I was the Systems Manager for the Cl-289 Surveillance Drone System purchased by the West Germans and French to provide surveillance in case of a Warsaw Pact attack. It would permit identifying and locating targets for attack. Should the fathers of sons killed in that attack curse me for indirectly causing the deaths of their sons. Should they curse the developers of the missiles that directly killed their sons. Should they curse Kuklinski for providing the information that facilitated that attack.
No, of course not!. They should curse the communist lackeys in their government that acquiesced in supporting their Overlords of the Evil Empire on the aggressive invasion.
But Poles did not die in an invasion of Denmark. Kuklinski helped to keep the Cold War Cold, and not to become Hot.
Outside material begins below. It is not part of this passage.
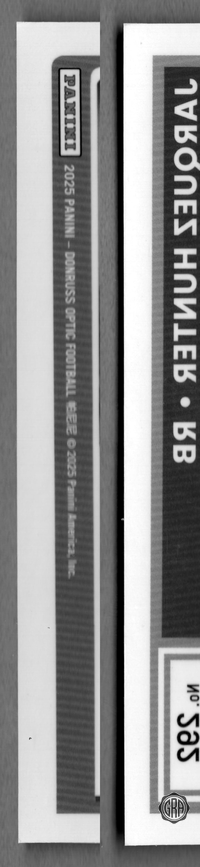 Back Edges (Left/Right)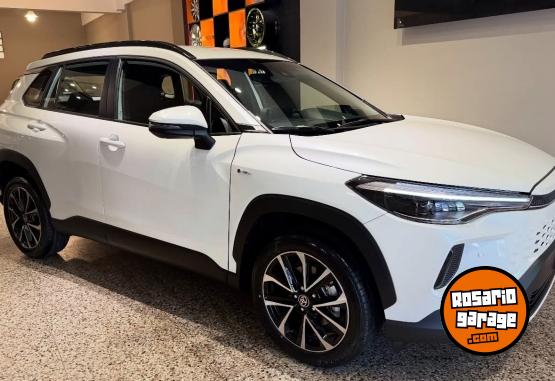 Autos - Toyota COROLLA CROSS XEI HEV 2026 Electrico / Hibrido 0Km - En Venta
I remember the words from the old song of Polish Knighthood “W Krwawem Polu Srebrne Ptaszę”: "Niechaj Polska zna, jakich synów ma !" “Let Poland Know What Kind Of Sons It Has.” Kuklinski’s father served in the Warsaw Uprising and his son served in the battle against the Evil Empire.
Here is more support of my position, including the words of prominent Poles. Emphasis in red is mine.
http://www.nationalreview.com/books/sik ... quote]June 01, 2004, 9:08 a.m.
Pride of Poland
From the April 19, 2004, issue of National Review.
By Radek Sikorski
A Secret Life: The Polish Officer, His Covert Mission, and the Price He Paid to Save His Country, by Benjamin Weiser (PublicAffairs, 400 pp., $27.50)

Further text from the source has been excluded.